People’s care was often individualised but not always timely or inclusive. Environmental and equipment adjustments were not always made to fully enable people’s individual independence or orientation. A range of relevant adaptations and equipment were provided to help people move or eat and drink independently.

Staff understood and followed what was important to people for their care, daily living routines and lifestyle preferences. Staff knew how to communicate with people and supported them to engage and participate in home life and the wider community.

People and relatives knew how to make a complaint about the service if they needed to. People’s views about the service were regularly sought, well received and used to make care and service improvements when required.

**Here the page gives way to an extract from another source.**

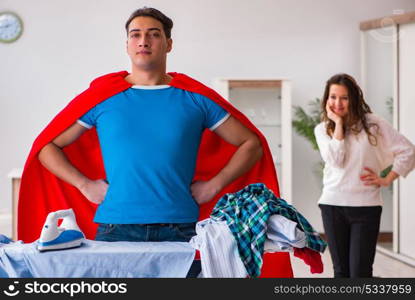 Super hero man husband ironing at home helping his wife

The service was generally well managed and led. Staff understood their role and responsibilities for people’s care. Management arrangements for communication and record keeping helped to ensure this. Regular management checks and consultation with people, relati

Inspection areas

Safe

Good

Updated 4 August 2017

The service was safe.

Known risks to people’s safety associated with their health needs, environment and care equipment were closely monitored and safely managed. Staff knew and followed people’s care requirements reduce any risks to people’s safety. Emergency planning and staffing arrangements helped to protect people from the risk of harm or abuse.

Effective

Good

Updated 4 August 2017

The service was effective.

Staff were qualified, trained and supported to perform their role and responsibilities for people’s care. People’s consent or appropriate authorisation was obtained for their care to ensure this was valid and lawful. Staff supported people to maintain and improve their health and nutrition in consultation with relevant external health professionals when required.

Caring

Good

Updated 4 August 2017

The service was caring.

People were treated with respect by staff who were kind and caring. Staff promoted people’s their rights, dignity and choice in their care. People and their relatives were appropriately informed and involved in the care provided.

Responsive

Requires improvement

Updated 4 August 2017

The service was not always responsive.

People’s care was often individualised, but not always timely or inclusive. Environmental and equipment adjustments were not always made to fully ensure people’s independence or inclusion. Staff knew people well; supported them to engage in home and community life and upheld people’s known preferred daily living routines and lifestyle choices. People, relatives and staff views, concerns or complaints were regularly sought and used to make care and service improvements when required.

Well-led

Good

Updated 4 August 2017

The service was well-led.

The service was well generally well managed and led. Overall people living, working and visiting the services were confident of this. Staff understood; were supported and informed to perform their roles and responsibilities for people’s care. Governance arrangements helped to ensure ongoing accountability for the quality, safety and continuous improvement of people’s care.